My theory is that the first company that truly gets On Demand out there and popularized will destroy everybody. Technically speaking, Comcast is already there in some markets (I'm trying it out in Illinois), now they just need to expand the content. With enough content, On Demand can make Tivo irrelevant. It can make internet broadcasting irrelevant -- who wants to download WMVs when you can watch on your TV with your typical cable box? Oh, and movie rentals? Pay Per View had already made going to Blockbuster a chore, but with On Demand you can forget it. As their library of content expands, you won't need to ever go anywhere to get your hands on that old movie -- and that's good bye to Netflix (though I believe a fringe element of movie viewers will keep them going for a while).
And finally, Hollywood. We've already figured out that no one gives a crap to see movies in the theater anymore.
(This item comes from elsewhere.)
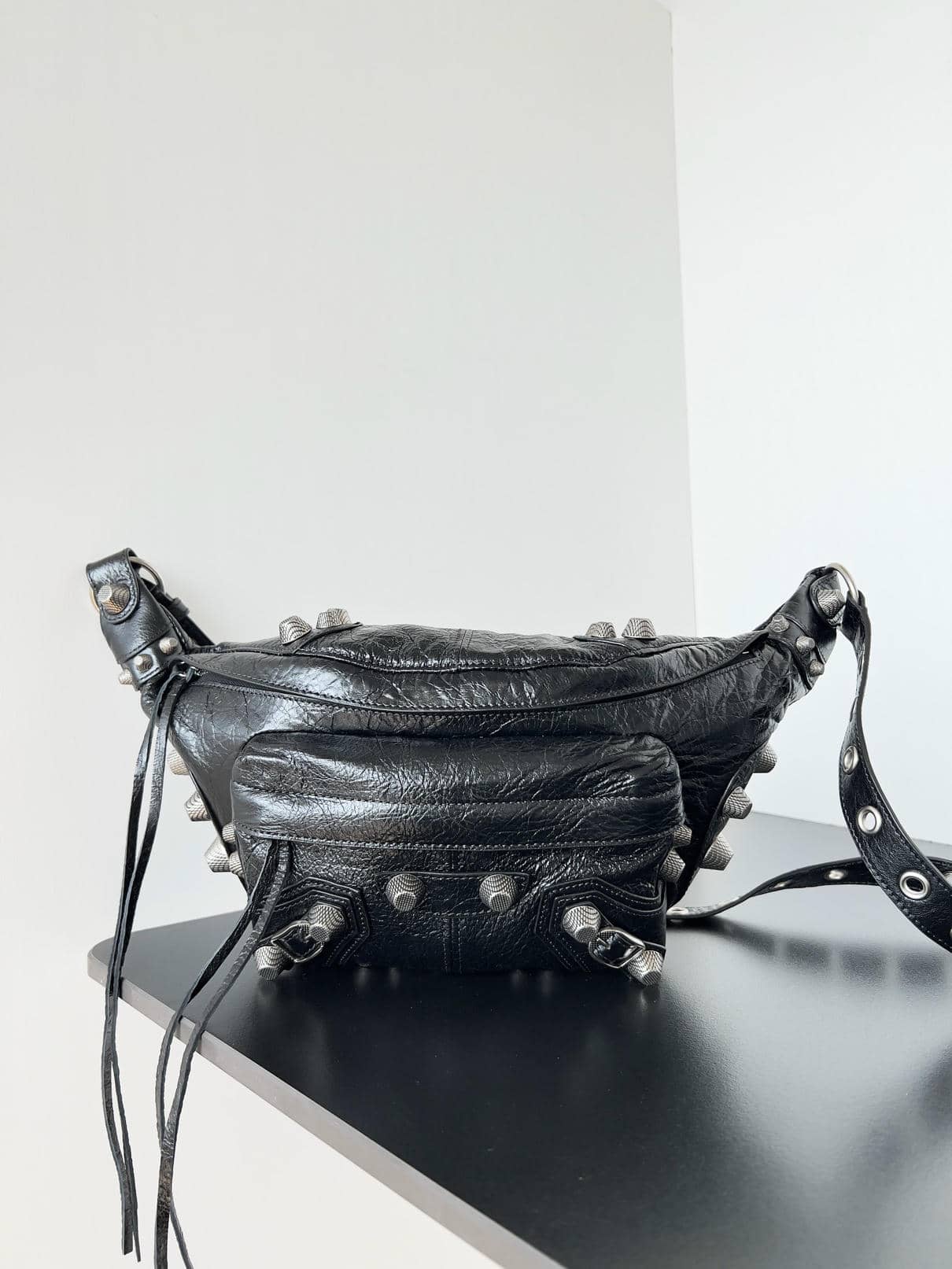 1 Waist Bag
We've got HD sets that are better looking than most screens these days. We've got surround sound we can adjust to our own preference rather than being blown away. Now all we need is a decent way to get movies to the HD sets.
Enter Comcast. Blu-Ray or HD-DVD are at least six months out from being in people's hands and are years away from being widespread. However, today, Comcast can take any movie, get an HDCAM or D5 HD transfer of it, upload it to their server, and have it in your hands tomorrow via On Demand. They completely control the prerecorded HD market today--and will until a new format can rise to challenge them. If this continues, Comcast could easily control virtually all distribution of HD content. That would mean they'd essentially be the world's largest theater owner. That would mean they'd have more power to dictate what movies are made, play on their channels, and how they get marketed than possibly any theater owner ever.
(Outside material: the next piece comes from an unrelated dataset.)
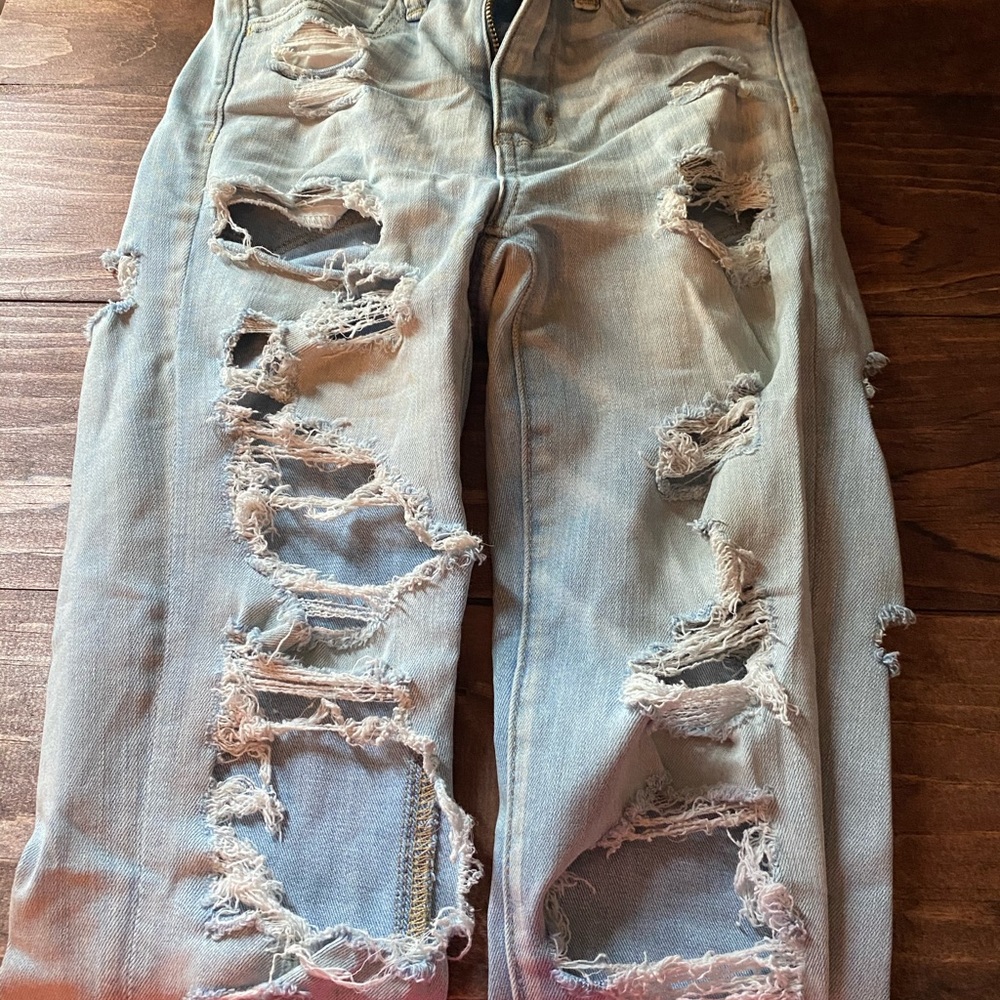 Light wash American Eagle ripped jeans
For those not familiar with the movie business, the distributors actually market their movies to theater owners at a conference called Showest. It's as important for the studios that theater owners will show the movie as it is for people to show up at the theater. Sometimes, not as much as it probably should, theater owners vote with their feet and won't show a movie the studios want them to.
Now imagine Comcast controls a massive distribution channel for HD--larger than all theater chains in the US. Theaters sold 1.578b tickets in 2002 (most ever was that year). In 2004, Comcast had 500m On Demand views (incl. lots of free ones, I'm sure). This year, they expect to exceed 1b On Demands. In short, a service that's merely 2 years old has already reached 66% of all movie tickets sold in the US in its best year. One word: pwned.
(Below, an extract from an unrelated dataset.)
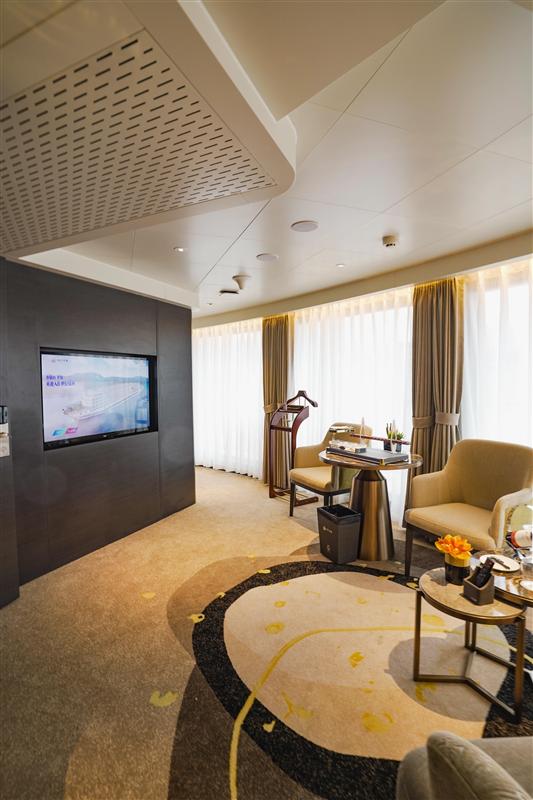 Century Oasis Oasis Suite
That's bad news for theater owners, because movie studios would love to have a distribution channel like Comcast -- high definition films that aren't easily crackable by hackers like DVDJon, expire in 24 hours, and can reach 60m people (20m homes) at the touch of a button. No more having to wring their hands over digital distribution to theaters. I wouldn't be surprised if, in the next 5 years, we see a high-end, full-length feature movie get released on HD via On Demand at the same time as theaters. And of course Comcast drives what movie that would be... since their distribution is more powerful than the theaters.
Oh, and one more thing... SBC should look out too. I haven't been on a cable modem yet that doesn't get at least twice the performance of my DSL. The theory is that the switching on DSL is better, but I honestly haven't seen it. Cable providers have everything invested in data, really, when you think about it. It just makes sense that they have to keep performance up.